How to forward pass?

I am trying to train the LEDForConditionalGeneration. The example in the documentation uses model.generate. How do I use forward pass so I can get loss values and do backprop? The code is

import torch
from transformers import AutoTokenizer, LEDForConditionalGeneration

model = LEDForConditionalGeneration.from_pretrained("allenai/led-large-16384-arxiv")
tokenizer = AutoTokenizer.from_pretrained("allenai/led-large-16384-arxiv")
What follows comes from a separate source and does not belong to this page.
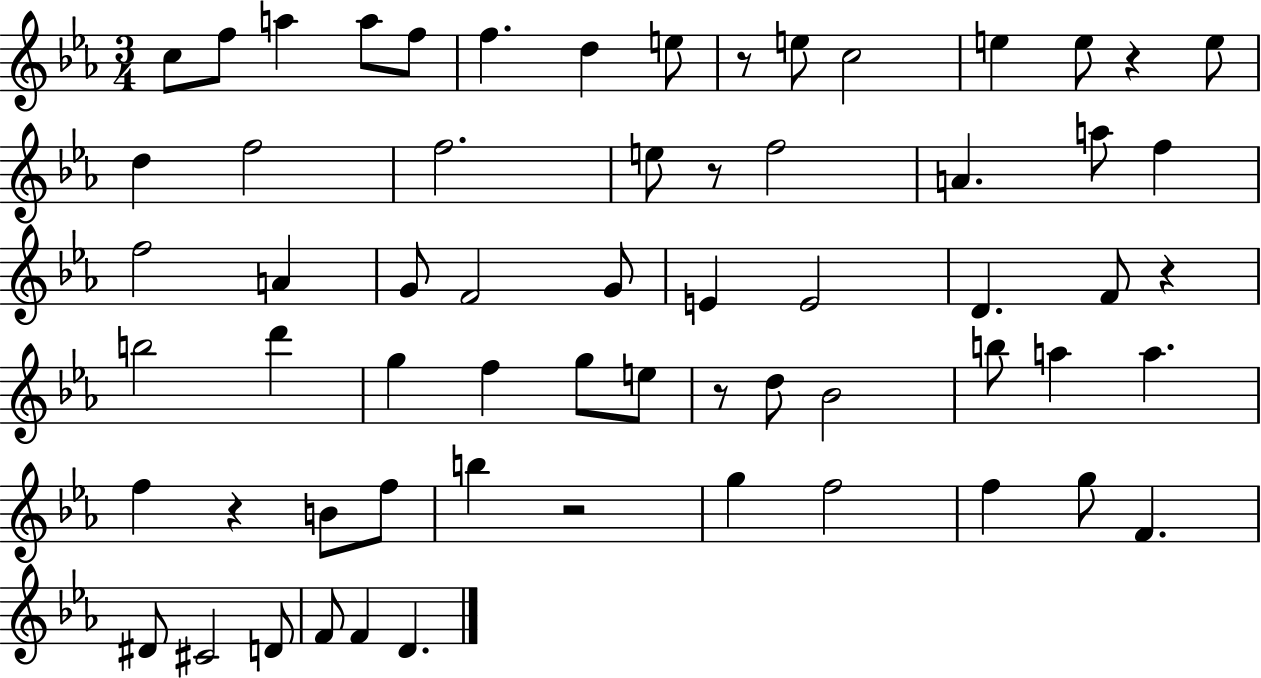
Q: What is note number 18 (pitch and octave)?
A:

ARTICLE_TO_SUMMARIZE = '''Transformers (Vaswani et al., 2017) have achieved state-of-the-art
    results in a wide range of natural language tasks including generative language modeling
    (Dai et al., 2019; Radford et al., 2019) and discriminative ... language understanding (Devlin et al., 2019).
    This success is partly due to the self-attention component which enables the network to capture contextual
    information from the entire sequence. While powerful, the memory and computational requirements of
    self-attention grow quadratically with sequence length, making it infeasible (or very expensive) to
    process long sequences. To address this limitation, we present Longformer, a modified Transformer
    architecture with a self-attention operation that scales linearly with the sequence length, making it
    versatile for processing long documents (Fig 1). This is an advantage for natural language tasks such as
    long document classification, question answering (QA), and coreference resolution, where existing approaches
    partition or shorten the long context into smaller sequences that fall within the typical 512 token limit
    of BERT-style pretrained models. Such partitioning could potentially result in loss of important
    cross-partition information, and to mitigate this problem, existing methods often rely on complex
    architectures to address such interactions. On the other hand, our proposed Longformer is able to build
    contextual representations of the entire context using multiple layers of attention, reducing the need for
    task-specific architectures.'''
inputs = tokenizer.encode(ARTICLE_TO_SUMMARIZE, return_tensors="pt")

# Global attention on the first token (cf. Beltagy et al. 2020)
global_attention_mask = torch.zeros_like(inputs)
global_attention_mask[:, 0] = 1

# Generate Summary
summary_ids = model.generate(inputs, global_attention_mask=global_attention_mask, num_beams=3, max_length=32)
print(tokenizer.decode(summary_ids[0], skip_special_tokens=True, clean_up_tokenization_spaces=True))